To launch the full 8-shard parallel sweep on a SLURM cluster, edit and submit scripts/slurm/example_dense_retrieval.slurm or scripts/slurm/example_agentic_retrieval.slurm.

4. Merge shards and evaluate

python scripts/merge_jsonl_by_dataset_order.py \
    --dataset dataset/evolv_mem_v5.json \
    --parts_glob "output/shards/v5_run_nchunks10/dense_gte_topk20/part_*.jsonl" \
    --out_file output/v5_run_dense_gte_topk20.jsonl

python evaluate_qa.py \
    --hyp_file output/v5_run_dense_gte_topk20.jsonl \
    --ref_file dataset/evolv_mem_v5.json \
    --eval_model_name gpt-5.2 \
    --eval_mode both \
    --nvidia

The evaluator caches an atomic-rubric per question (<dataset>.atomic-v1.rubric.json) so subsequent runs reuse it.

Pipeline modes

main.py --mode selects how a question is answered:

  • embed: top-k flat dense retrieval (GTE 7B), then a single LLM call to answer.
  • keyword: LLM-generated keywords + lexical matching, then answer.
  • agent: Plan-Act-Read loop. Combines --hier_v2 (semantic-summary stage) and --hier_union (union with flat top-K) for the hierarchical-memory variant.

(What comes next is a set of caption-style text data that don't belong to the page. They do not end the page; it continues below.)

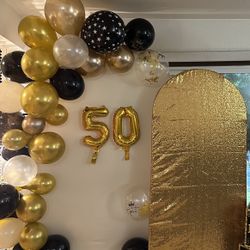 Readymade Black And Golden Balloon Arch
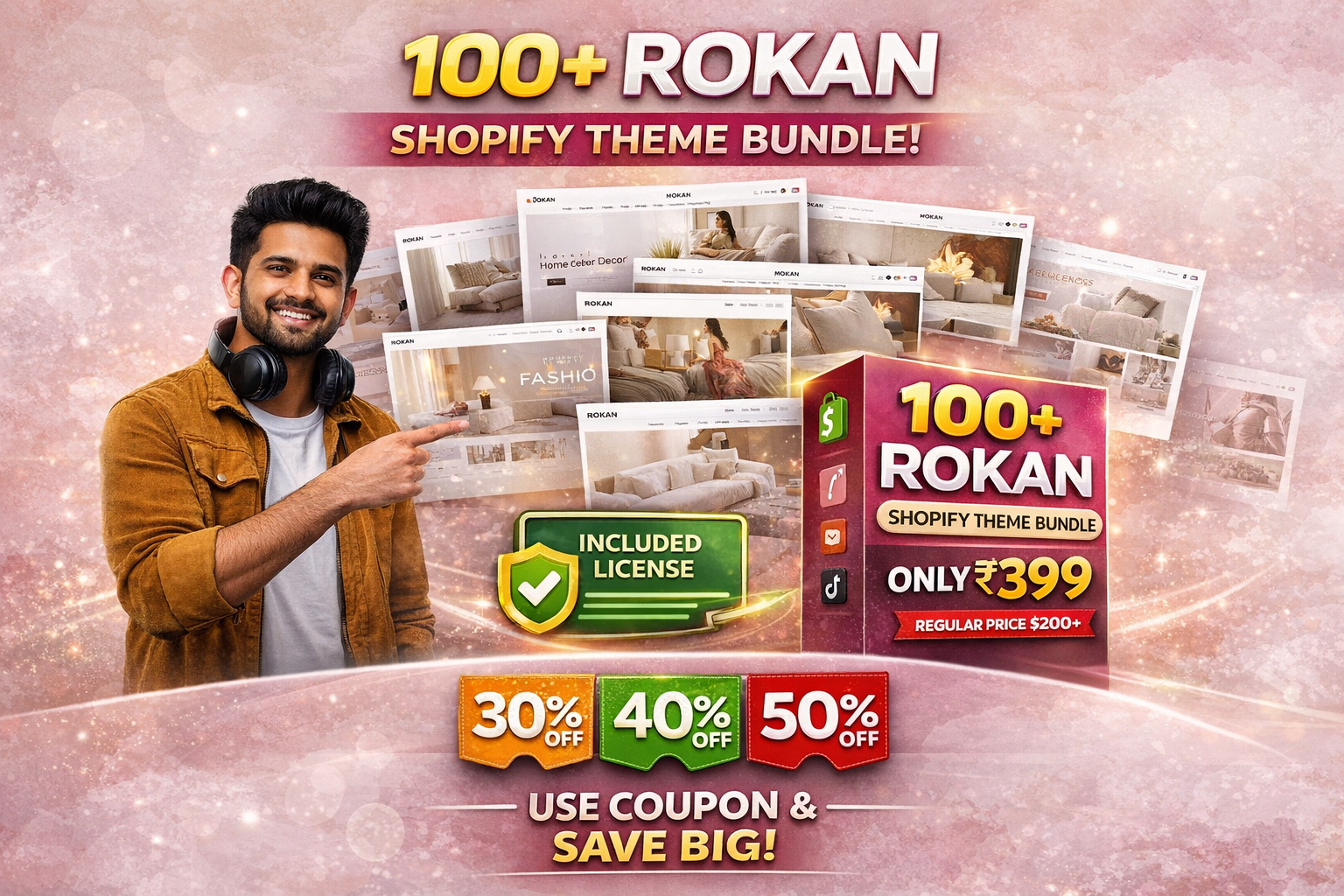 100+ Rokan Shopify Themes Bundle (Full License) – High Converting eCommerce Store Designs | Only ₹399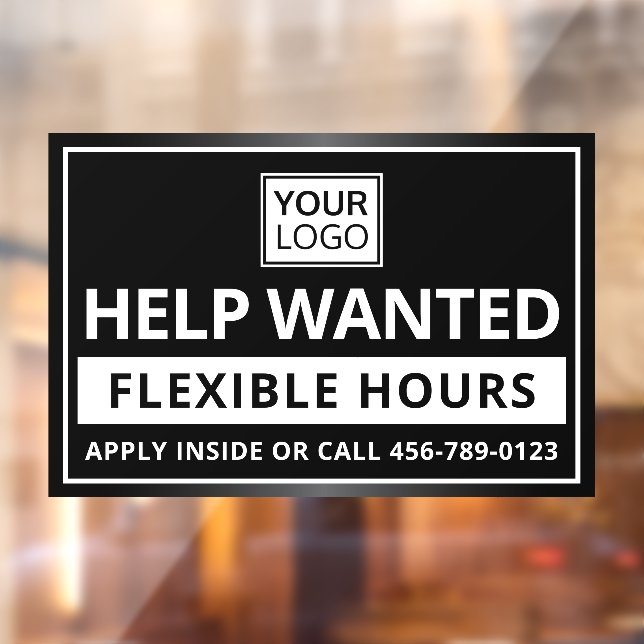 Help wanted custom logo hiring window cling (Sheet 2)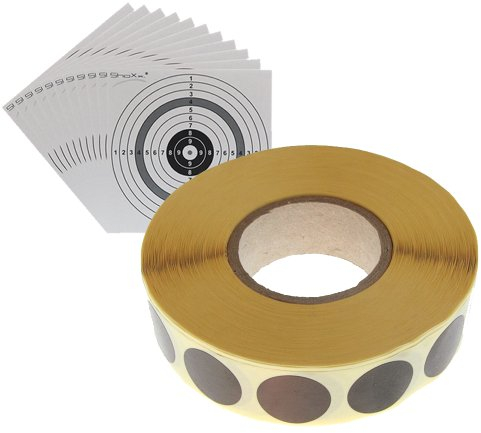 Schusspflaster schwarz 2000 Stück, Durchmesser 19mm, selbstklebend für Schießsport, Schützensport Zielscheiben + 10 original ShoXx.® Shoot-Club Zielscheiben mit 250 g/m²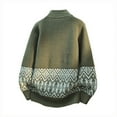 thumbnail image 4 of Men's Christmas Sweaters Casual Long Sleeve Stand Collar Cardigan Sweater with Two-Way Zipper Green M, 4 of 4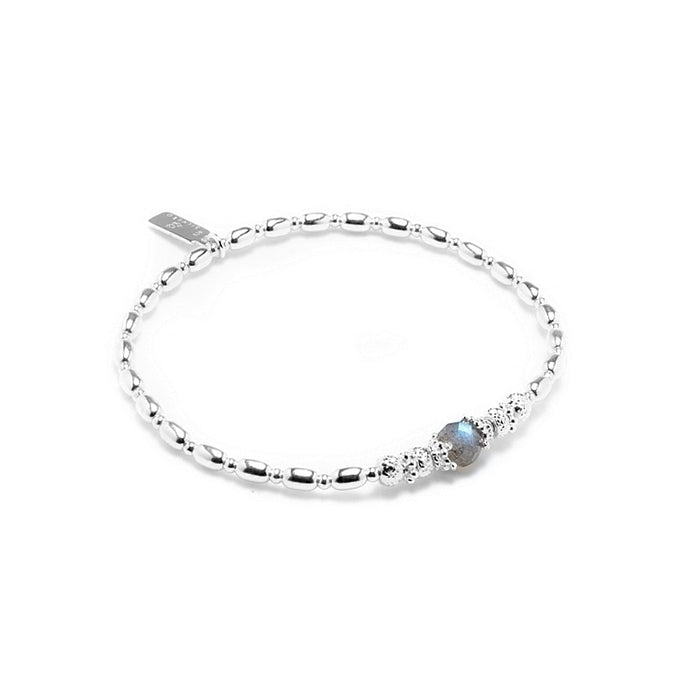 Gorgeous A grade Labradorite silver stacking bracelet with multicut silver beads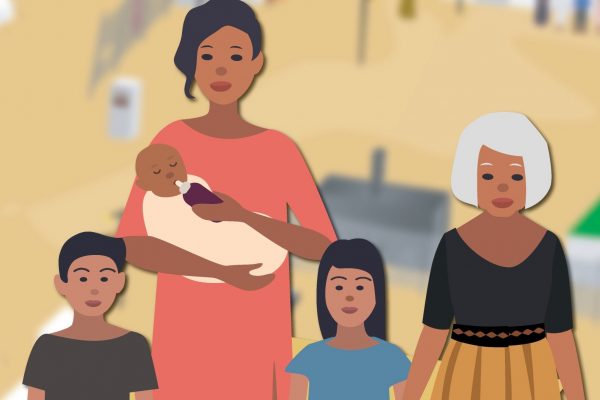 Illustration of a family, including a mother with three children (including a baby) and an older woman.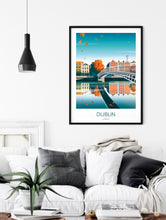 Load image into Gallery viewer, Dublin Print - Ha&#39;penny Bride on the River Liffey. Ireland Travel Poster.
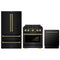 ZLINE 3-Piece Appliance Package - 30-Inch Paramount Gas Range, 36-Inch French Door Refrigerator, Dishwasher, in Black Stainless Steel with Champagne Bronze Accents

--no_semantic disables the semantic-summary memory layer (flat memory).

Baselines

The three external baselines (MemoChat, RAPTOR, ReadAgent) live under baselines/ together with our thin wrappers (run_<baseline>_baseline.py). Each baseline's upstream LICENSE is preserved.

License

This repository is released under the license stated in the corresponding LICENSE file (TBD prior to release). Upstream baselines retain their original licenses.